There's no risk to businesses that are paying bonuses of $ 1 million, per worker, per year - like the RAM makes Samsung and SK Hynix.

They are drowning in money but they don't invest in new production in order to maintain high prices. By doing so, they form a virtual trust with monopoly control over pricing. What you call "risk" for them is our best hope, China can't enter the market soon enough.

Oops, the US government is blocking the Chinese chip industry in every way possible and thus becomes a factual member of the aforementioned anti-competitive and anti-consumer trust.

minraws 17 minutes ago | parent [-]

Micron is a US company, and US did the same against Japan in the past

DoctorOetker 2 hours ago | parent | prev [-]

According to the recent article HBM memory is 3x less efficient wafer area wise than LPDDR; but the bandwidth is more than triple.

What if its in everyone's interest to buy computers at say 1/3rd the rate and switch everything over to HBM?

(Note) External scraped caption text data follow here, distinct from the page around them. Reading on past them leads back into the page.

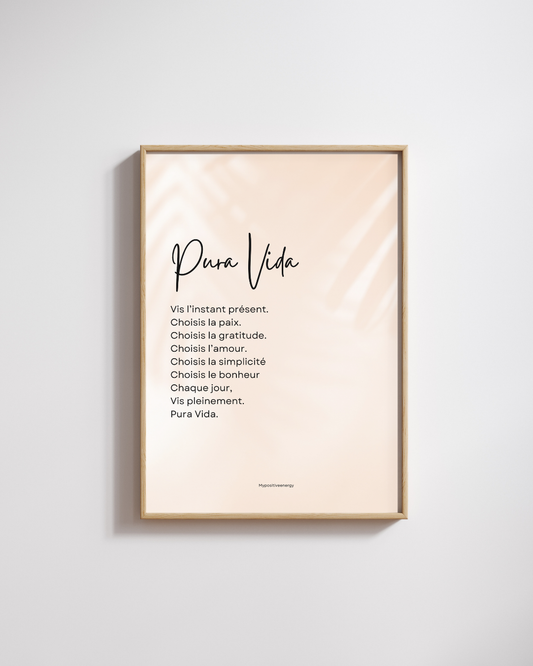 Affiche murale mantra Pura Vida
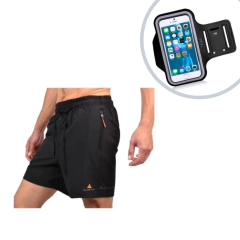 Short Microfibra Hombre Deportivo Urbano + Brazalete Running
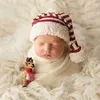 born Pography Props Infants Po Shooting Costume Christmas Outfits Baby Stripe Crochet Hat+Shorts Set 211018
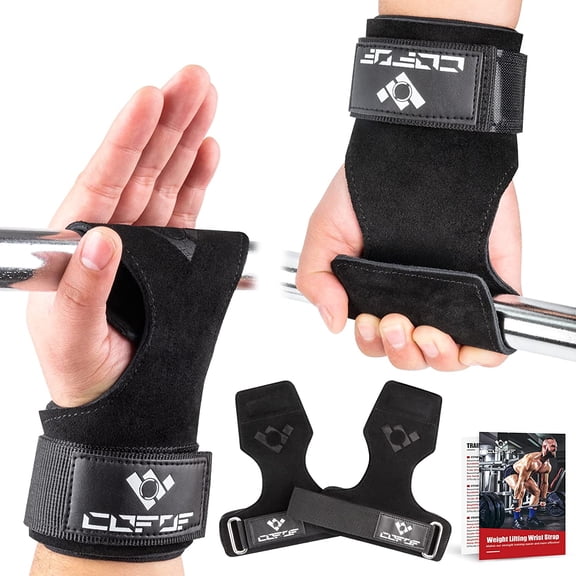 LunaGoods Weight Lifting Wrist Strap, Double Layer Leather Wrist Strap for Deadlift and Powerlifting, Adjustable Neoprene Padded Gym Workout Lifting Hooks (Pair)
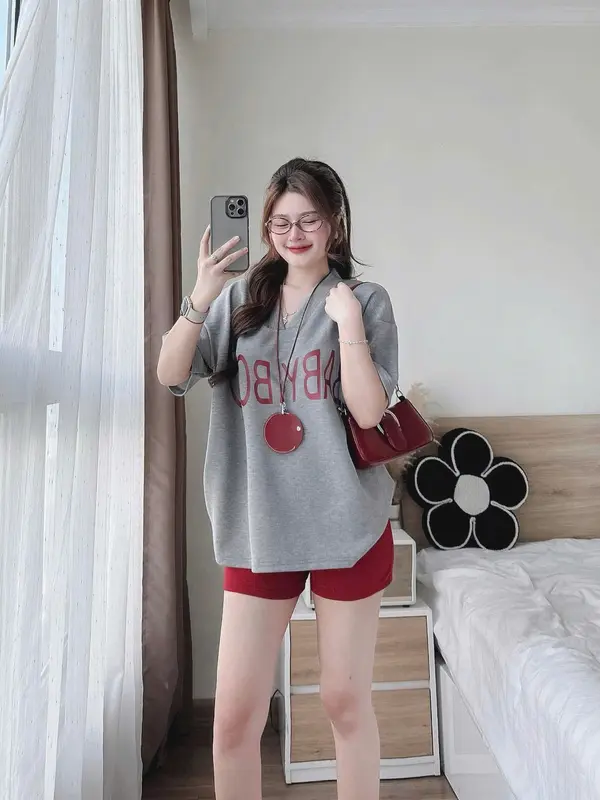 Set bộ áo BABY-BOO CỔ V kèm quần đùi FORM RỘNG (MỎNG NHẸ, GIÁ RẺ BÌNH DÂN) hot trend Top Women 4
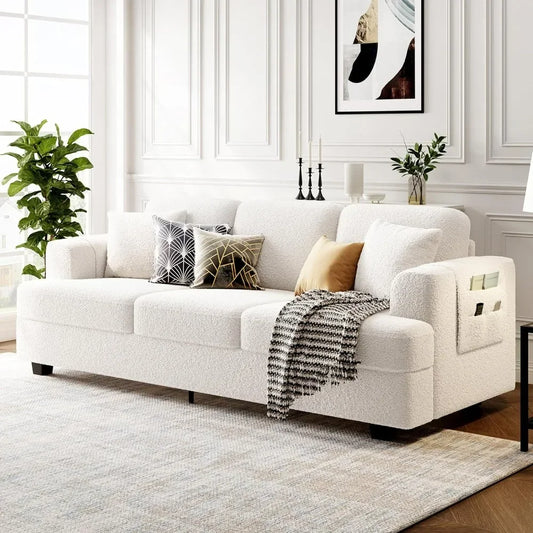 Modern Sofa with Throw Pillows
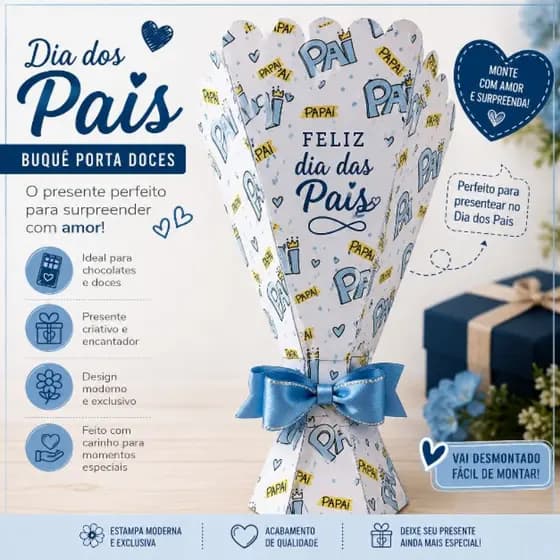 kit caixa buquê personalizada dia dos pais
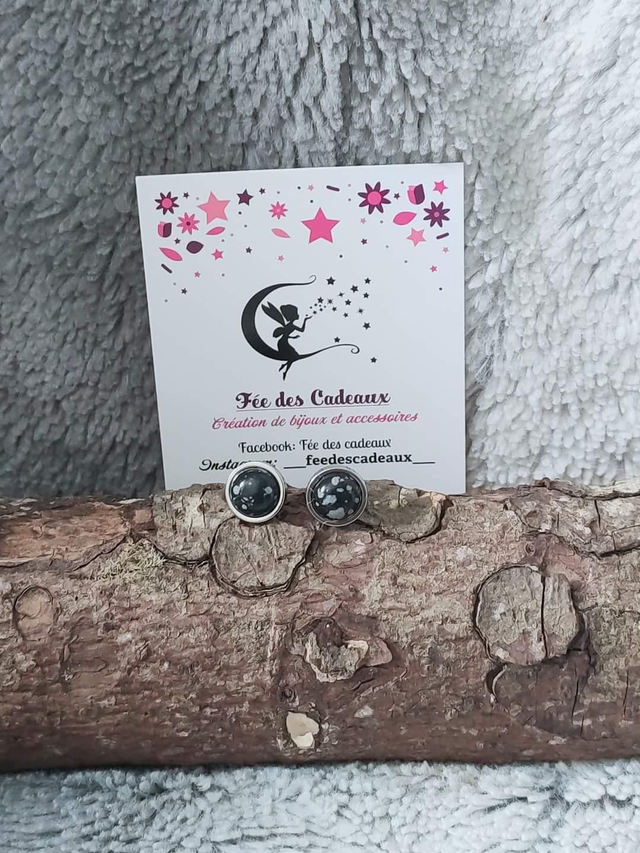 Puces d'oreilles Obsidienne Floconneuse 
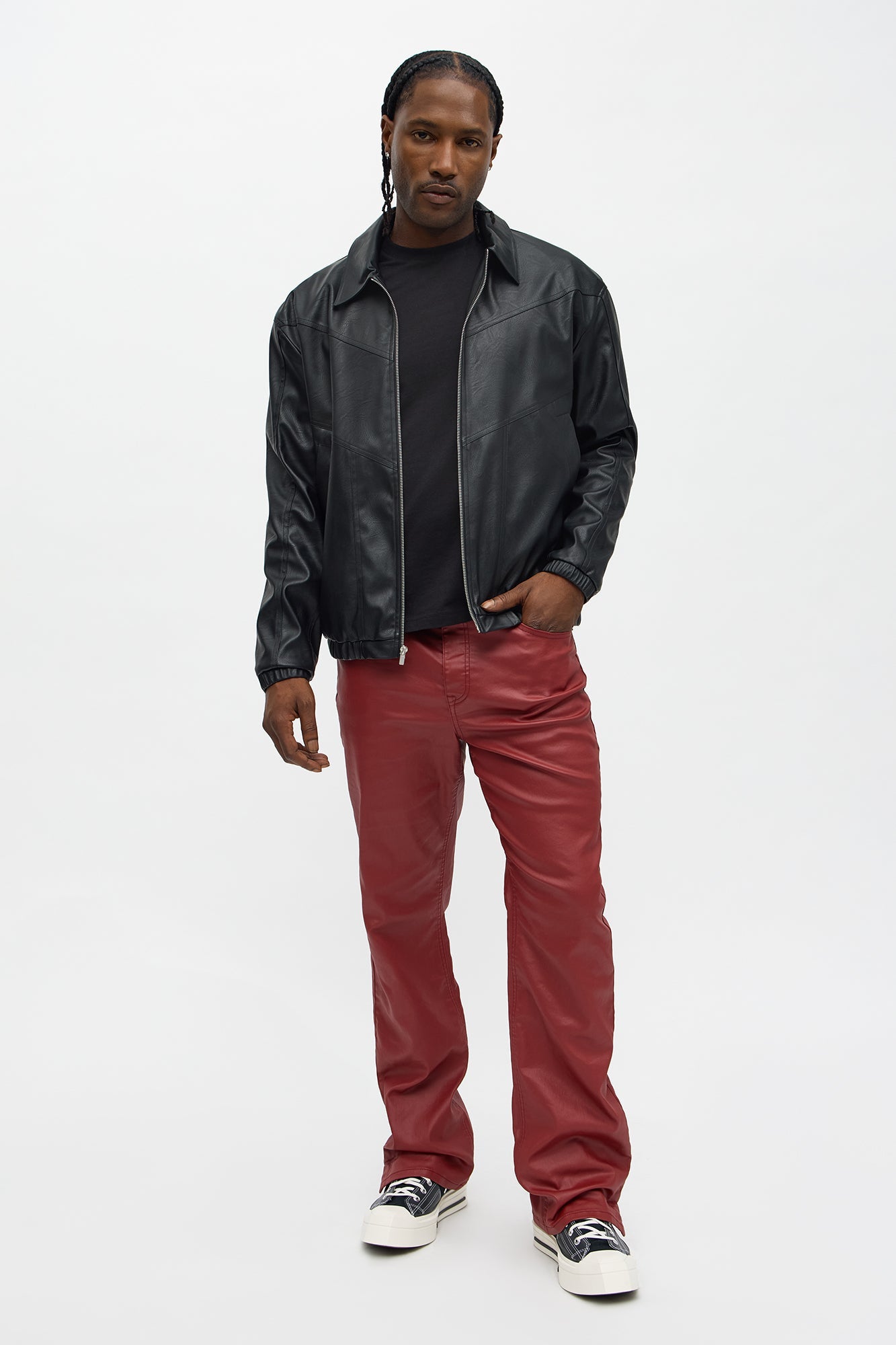 Stacked Slim Flare Wax Coated Slit Jean - Burgundy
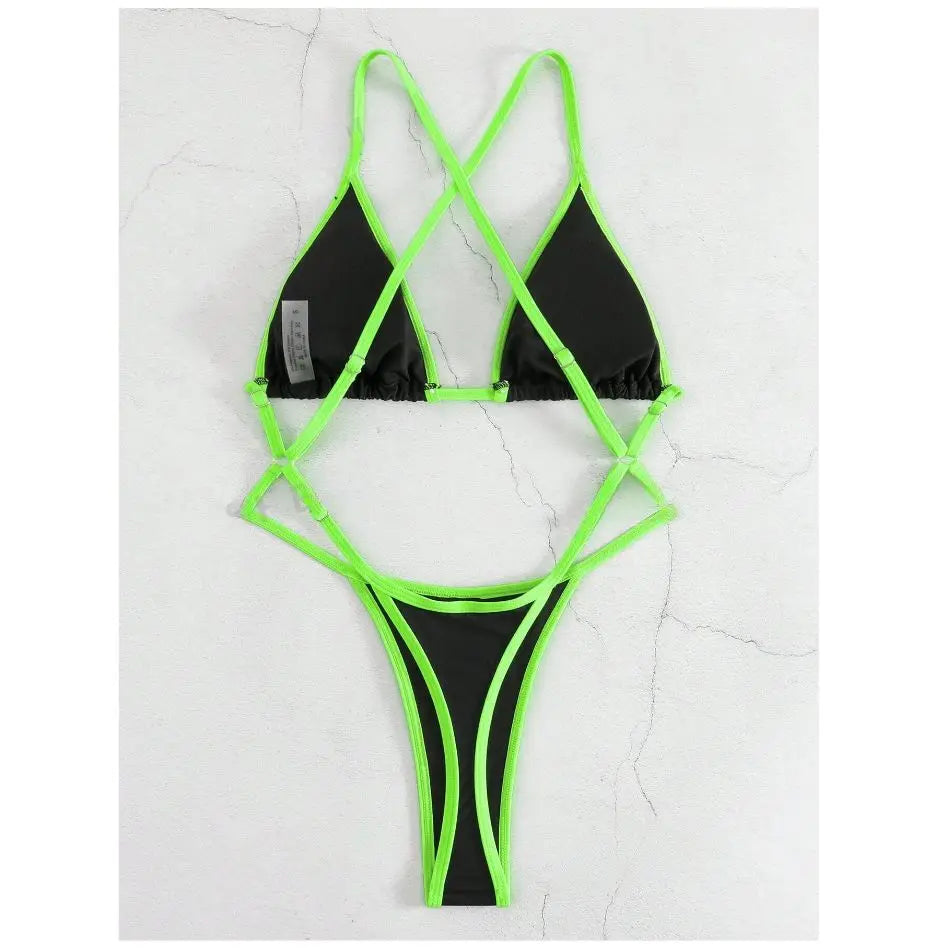 Traje de baño de una pieza con cuello halter y ribete en contraste para mujer, traje de baño sexy para playa de verano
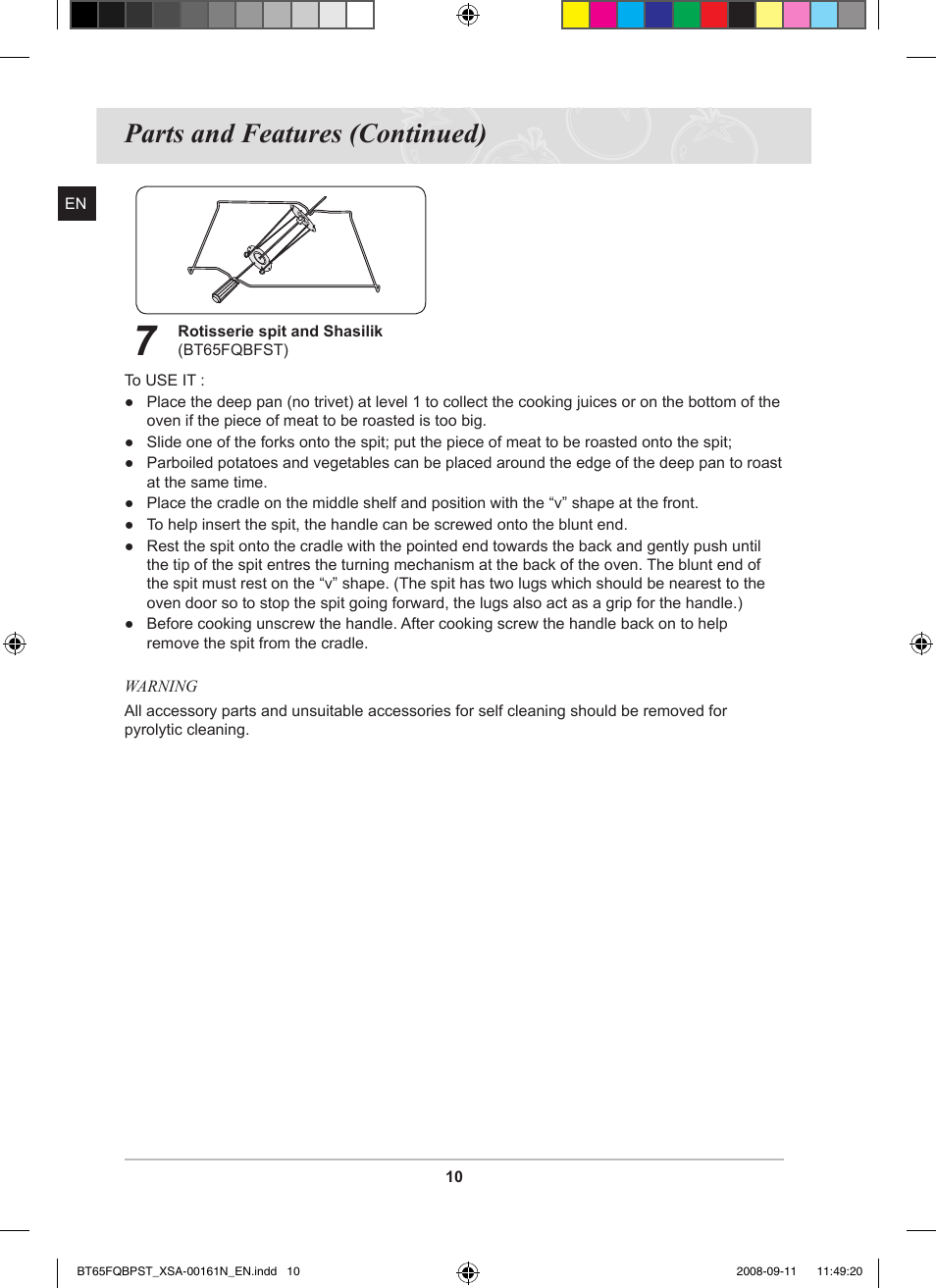 Parts and features (continued) | Samsung BT65FQBPST User Manual | Page 12 / 50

the discrepancy between compute and memory has been growing for ages, perhaps a painful switch to HBM is exactly what we need?

Would you rather have 3 intermediate computers with low memory bandwidth, or wait a little longer statistically so that we can all enjoy a new computer at 1/3rd the rate but much higher bandwidth than the area ratio?

FuckButtons 2 hours ago | parent | next [-]

These are fundamentally different points in design space though, hbm doesn’t have a 10mw idle draw like lpddr does.

aurareturn 2 hours ago | parent | prev | next [-]

Can’t put HBM in smartphones and laptops. The power drain is too great.

thfuran 2 hours ago | parent | prev [-]

Not many workloads are RAM bandwidth limited. Power and latency are much more common bottlenecks, and HBM loses on both of those.

zozbot234 17 minutes ago | parent | next [-]

Multicore workloads do tend to hit RAM bandwidth limits before they hit power constraints. If you do the math, running at max frequency and core utilization would usually imply you could only access a byte or so per core clock cycle. Perhaps a mere handful of bytes for the highest-performance systems with in-package RAM.

pastel8739 an hour ago | parent | prev [-]

Isn’t memory bandwidth super relevant for AI?